吉田 そのライブのスペシャルシークレットゲストとしてヒーセさんが登場して。アンコールのときに、ベースの(三浦)淳悟くんが「あ、ちょっと、ちょっとすいません。腹が、腹が痛い」っていきなり小芝居を始めたんです(笑)。吉井さんが「お前何言ってんの? 腹が痛いって! ライブ中に!」と言うと、「ホントごめんなさい、10分、10分、ホントすいません」と言ってステージからいなくなっちゃう。そして吉井さんが「じゃあしょうがないから、代わりの人に来てもらうしかないな」と言ったら、ヒーセさんがいきなり登場して「ROCK STAR」「HOTEL宇宙船」の2曲を演奏したんですよ。
中田 おお、すごい!
吉田 すると、人ってこんなに盛り上がるの? って思うぐらいドカーン! って盛り上がって。吉井さんとヒーセさんが同じステージに立つのは、どうも解散してから初めてだったみたいなんです。
中田 ですよね。エマ(菊地英昭/G)さんは吉井さんのツアーにも参加してましたけど。
吉田 だよね。なんかね、客席に泣いてる人はいるし、白目になってる人はいるし、ヨダレ垂らしてる人はいるし、片乳出てる女の人もいるし。そういうお客さんたちを観て、すごい力を持っているなというのを感じましたね。トライセラではまだ経験ないですもんそういうの(笑)。
中田 すげえそれ!
吉田 すみませんね、しょうもない話ばっかりで。どんどんみんなが引いていくのがわかる(笑)。
中田 僕はついていってます!(笑)
吉田 吉井さんのソロツアーのリハーサルをやってるところに、ヒーセさんがサンダーバードのレプリカとビンテージのベースを1本ずつ持ってやってきて。サポートベーシストのアンプをいじって、自分の音を作っていくんです。「あ、こんな感じかな。

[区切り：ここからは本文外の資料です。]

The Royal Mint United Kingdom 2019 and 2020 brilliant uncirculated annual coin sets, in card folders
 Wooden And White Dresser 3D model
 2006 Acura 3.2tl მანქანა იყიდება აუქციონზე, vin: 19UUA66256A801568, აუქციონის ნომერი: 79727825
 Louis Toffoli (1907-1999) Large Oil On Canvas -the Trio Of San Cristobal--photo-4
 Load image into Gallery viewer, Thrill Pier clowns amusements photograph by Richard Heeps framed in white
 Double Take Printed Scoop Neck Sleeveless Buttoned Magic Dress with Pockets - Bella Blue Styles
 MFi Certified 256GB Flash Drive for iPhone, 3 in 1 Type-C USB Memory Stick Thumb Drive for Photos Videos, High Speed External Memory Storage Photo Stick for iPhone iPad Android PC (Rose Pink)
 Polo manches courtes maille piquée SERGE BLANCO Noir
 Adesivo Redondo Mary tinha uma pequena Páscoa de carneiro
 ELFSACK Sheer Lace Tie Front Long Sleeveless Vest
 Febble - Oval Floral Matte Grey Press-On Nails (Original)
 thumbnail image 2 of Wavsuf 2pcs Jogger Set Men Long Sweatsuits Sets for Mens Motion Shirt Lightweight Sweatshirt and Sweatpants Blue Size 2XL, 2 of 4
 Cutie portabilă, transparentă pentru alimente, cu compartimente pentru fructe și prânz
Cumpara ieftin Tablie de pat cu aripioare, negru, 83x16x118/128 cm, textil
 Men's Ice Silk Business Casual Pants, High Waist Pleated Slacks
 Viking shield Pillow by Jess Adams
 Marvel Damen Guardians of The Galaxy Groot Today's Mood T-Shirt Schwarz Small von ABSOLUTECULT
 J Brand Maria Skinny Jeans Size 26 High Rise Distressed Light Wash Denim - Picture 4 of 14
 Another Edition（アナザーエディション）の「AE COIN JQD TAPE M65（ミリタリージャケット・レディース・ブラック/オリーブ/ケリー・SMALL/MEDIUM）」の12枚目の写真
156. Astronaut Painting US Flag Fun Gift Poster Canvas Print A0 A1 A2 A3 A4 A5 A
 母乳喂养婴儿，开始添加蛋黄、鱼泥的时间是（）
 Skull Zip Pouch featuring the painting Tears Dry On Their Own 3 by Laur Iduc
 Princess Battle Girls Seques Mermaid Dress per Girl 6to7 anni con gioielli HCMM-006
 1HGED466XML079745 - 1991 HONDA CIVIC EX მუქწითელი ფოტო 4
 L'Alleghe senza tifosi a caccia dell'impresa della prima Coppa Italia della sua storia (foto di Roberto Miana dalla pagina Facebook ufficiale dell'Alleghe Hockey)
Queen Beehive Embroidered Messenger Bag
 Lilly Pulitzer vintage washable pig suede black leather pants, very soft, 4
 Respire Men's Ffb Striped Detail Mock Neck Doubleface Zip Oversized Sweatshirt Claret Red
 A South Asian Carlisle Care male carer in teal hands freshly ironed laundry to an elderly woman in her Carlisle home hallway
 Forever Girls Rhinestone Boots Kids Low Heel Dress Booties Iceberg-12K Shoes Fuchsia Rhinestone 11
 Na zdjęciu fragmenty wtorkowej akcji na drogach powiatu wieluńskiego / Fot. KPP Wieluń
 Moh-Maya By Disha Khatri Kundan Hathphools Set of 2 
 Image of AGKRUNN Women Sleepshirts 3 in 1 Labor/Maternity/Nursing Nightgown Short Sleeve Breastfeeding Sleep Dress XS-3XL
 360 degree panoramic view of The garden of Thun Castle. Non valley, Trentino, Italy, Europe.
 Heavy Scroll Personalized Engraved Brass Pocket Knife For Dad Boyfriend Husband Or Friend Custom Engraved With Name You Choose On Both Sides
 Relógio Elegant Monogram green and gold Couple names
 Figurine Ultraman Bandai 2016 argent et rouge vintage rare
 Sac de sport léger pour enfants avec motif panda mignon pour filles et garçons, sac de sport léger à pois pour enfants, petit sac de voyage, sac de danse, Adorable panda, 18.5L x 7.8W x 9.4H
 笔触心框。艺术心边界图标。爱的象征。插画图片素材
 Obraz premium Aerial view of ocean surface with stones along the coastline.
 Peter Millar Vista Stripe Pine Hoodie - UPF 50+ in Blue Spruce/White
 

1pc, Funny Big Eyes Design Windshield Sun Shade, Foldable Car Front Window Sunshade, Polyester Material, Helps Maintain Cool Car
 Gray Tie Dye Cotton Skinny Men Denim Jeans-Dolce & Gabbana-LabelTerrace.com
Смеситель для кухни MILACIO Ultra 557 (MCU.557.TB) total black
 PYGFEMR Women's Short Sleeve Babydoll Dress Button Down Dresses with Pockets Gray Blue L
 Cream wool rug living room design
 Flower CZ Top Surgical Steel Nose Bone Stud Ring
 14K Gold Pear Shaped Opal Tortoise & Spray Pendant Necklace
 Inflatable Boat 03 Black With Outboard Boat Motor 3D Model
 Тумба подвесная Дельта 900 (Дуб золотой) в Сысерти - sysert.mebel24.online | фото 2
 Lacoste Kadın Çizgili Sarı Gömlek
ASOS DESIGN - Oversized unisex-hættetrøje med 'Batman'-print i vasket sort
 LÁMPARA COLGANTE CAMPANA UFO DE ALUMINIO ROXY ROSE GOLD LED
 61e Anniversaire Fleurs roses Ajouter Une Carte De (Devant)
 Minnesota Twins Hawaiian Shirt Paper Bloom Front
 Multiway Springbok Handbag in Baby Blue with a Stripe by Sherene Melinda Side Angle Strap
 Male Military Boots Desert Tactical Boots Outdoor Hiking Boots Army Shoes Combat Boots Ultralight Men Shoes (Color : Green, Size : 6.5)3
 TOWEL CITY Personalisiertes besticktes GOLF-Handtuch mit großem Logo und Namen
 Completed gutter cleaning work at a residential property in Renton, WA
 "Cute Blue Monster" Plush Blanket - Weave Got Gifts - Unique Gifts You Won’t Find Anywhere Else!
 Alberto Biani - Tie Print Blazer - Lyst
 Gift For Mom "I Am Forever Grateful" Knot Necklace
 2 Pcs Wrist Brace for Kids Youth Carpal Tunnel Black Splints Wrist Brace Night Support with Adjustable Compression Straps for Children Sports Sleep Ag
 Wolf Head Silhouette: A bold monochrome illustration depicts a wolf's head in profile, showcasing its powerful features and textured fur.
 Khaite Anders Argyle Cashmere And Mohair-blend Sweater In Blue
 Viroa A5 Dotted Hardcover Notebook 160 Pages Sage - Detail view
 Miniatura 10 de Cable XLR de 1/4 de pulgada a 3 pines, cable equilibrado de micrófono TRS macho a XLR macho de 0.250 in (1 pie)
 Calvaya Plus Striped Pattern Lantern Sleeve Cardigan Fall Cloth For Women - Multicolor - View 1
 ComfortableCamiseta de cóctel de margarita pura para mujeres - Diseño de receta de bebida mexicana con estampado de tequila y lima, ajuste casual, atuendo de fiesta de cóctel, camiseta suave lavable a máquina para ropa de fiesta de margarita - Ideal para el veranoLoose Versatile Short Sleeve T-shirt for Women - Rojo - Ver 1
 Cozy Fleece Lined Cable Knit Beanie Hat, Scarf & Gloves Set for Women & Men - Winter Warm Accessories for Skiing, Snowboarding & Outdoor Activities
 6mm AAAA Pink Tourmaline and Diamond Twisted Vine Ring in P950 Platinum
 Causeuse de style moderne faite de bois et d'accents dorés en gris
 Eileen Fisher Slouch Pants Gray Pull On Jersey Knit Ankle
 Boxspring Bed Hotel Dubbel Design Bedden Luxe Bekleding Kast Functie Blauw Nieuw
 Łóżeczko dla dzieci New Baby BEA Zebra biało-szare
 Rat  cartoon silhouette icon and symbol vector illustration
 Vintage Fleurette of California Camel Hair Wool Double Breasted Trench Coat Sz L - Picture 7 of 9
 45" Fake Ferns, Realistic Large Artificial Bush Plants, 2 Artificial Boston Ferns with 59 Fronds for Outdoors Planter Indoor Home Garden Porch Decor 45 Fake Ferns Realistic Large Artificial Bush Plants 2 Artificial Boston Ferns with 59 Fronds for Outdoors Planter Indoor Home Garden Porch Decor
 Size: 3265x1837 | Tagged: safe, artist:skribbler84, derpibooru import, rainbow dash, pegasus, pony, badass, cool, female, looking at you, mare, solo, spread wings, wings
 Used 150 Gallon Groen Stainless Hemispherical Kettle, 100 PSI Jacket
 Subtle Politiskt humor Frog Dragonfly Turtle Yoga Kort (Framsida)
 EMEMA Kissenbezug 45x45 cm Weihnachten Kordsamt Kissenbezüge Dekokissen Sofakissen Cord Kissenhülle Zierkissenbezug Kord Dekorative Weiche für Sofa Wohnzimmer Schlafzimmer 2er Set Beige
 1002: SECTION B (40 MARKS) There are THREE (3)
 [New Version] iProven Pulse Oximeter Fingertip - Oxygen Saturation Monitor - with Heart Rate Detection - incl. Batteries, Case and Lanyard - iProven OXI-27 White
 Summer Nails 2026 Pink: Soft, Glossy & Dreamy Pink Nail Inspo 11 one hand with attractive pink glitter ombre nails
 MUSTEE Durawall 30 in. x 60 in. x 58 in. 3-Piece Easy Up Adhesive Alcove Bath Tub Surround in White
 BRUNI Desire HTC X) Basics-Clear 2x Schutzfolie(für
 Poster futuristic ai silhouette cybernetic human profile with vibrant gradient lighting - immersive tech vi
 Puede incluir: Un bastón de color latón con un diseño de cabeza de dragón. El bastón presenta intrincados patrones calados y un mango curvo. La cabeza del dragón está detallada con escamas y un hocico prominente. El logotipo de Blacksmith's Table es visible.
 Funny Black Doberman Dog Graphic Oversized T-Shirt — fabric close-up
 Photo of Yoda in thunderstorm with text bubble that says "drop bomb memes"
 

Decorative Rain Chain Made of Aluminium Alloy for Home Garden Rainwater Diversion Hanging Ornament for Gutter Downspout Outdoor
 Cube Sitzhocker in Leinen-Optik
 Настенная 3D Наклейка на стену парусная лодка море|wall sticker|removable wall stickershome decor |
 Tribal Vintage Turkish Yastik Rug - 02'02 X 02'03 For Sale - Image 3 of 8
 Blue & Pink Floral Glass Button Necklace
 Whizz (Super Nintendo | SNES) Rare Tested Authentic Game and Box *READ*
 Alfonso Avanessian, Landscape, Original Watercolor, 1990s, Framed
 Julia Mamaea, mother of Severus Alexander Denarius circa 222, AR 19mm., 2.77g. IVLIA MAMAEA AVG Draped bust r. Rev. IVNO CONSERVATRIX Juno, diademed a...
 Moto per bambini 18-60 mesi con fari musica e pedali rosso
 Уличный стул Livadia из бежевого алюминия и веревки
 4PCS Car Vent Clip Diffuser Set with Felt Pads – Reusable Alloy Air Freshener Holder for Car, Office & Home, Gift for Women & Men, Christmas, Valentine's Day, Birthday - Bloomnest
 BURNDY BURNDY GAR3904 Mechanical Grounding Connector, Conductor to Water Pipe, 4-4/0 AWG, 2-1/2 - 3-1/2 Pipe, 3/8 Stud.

じゃあお願いしまーす」とか言ってリハーサルしたら……「ブオオオオオオオオンッ!」って、出てくる音が単音なのに壁みたいなんですよ。俺はそのとき初めて生ヒーセさんの音を聴いて、背中側に置いたモニターから出てくる音にもうずっとグーッと押されてるみたいで。音の存在感と弾いてる存在感がデカすぎて、ずっと飲み込まれてましたね。ついていくのも必死で、肉食の人たちがガチンコで演るとこういうことになるんだなって、初めて体験しましたよ。そんな中、吉井さんは歌いながらメンバーを見て(片手を顔の前に挙げて)すいませんね、って(笑)。ヒーセさんのベースについて「なんかもう、何もわかんないでしょ? あれと120本ぐらいライブ演ってたから、もうなんかうわあああって感じになっちゃって」とか言うんですよ。
中田 あはははは(笑)。
吉田 メンバーそれぞれ、めちゃくちゃキャラが立ってますしね。いちバンドのドラマーとして、すごいなって思いますよ。
中田 僕もヒーセさんとアニー(菊地英二/Dr)さんと一緒に演らせてもらったことがあるんですよ。だからその“押される”感じはすごくわかります。自分のバンドとぜんぜん違って、後ろから「お前行ってこいよ!」って言われてる感じなんですよ。だから、あのリズム隊でステージに立つと、ちょっと強気になるというか、自然とそういう感じになってました。
「JAM」は1回演奏するたびにすごい気力を使う
──今回のトリビュートアルバムでは、TRICERATOPSが「JAM」をカバーしてますよね。先程も話に上がった吉井さんとの共演があったので、何となくこの曲をカバーするんじゃないかと思ってたんです。
中田 俺も絶対やると思ってました。
吉田 あ、そう? 「JAM」ってやっぱりすごい曲だから、俺たちよりふさわしい人は絶対いるだろうなって思ってたんだよね。でも実は、「JAM」をやるという話は1回なくなりかけたんですよ。最初にトリビュートの話をいただいたとき、「何がいいと思います?」って俺、直接吉井さんに相談したんだけど「やってもらえるんなら、何でもいいです」ということになって。で、ツアー中に「JAM」にまつわるいろんな話を聞かせてもらったことがあったんで、それを改めてうちのメンバー2人に話をして、「JAM」をやろうと決めたんです。でも、もう1組「JAM」をやる可能性のある方がいると聞いて、じゃあ別の候補も考えようかという話になったんだけど、最終的にはその話がなくなったので、トライセラがやらせてもらうことになったんですよ。
中田 それ誰なんだろう……。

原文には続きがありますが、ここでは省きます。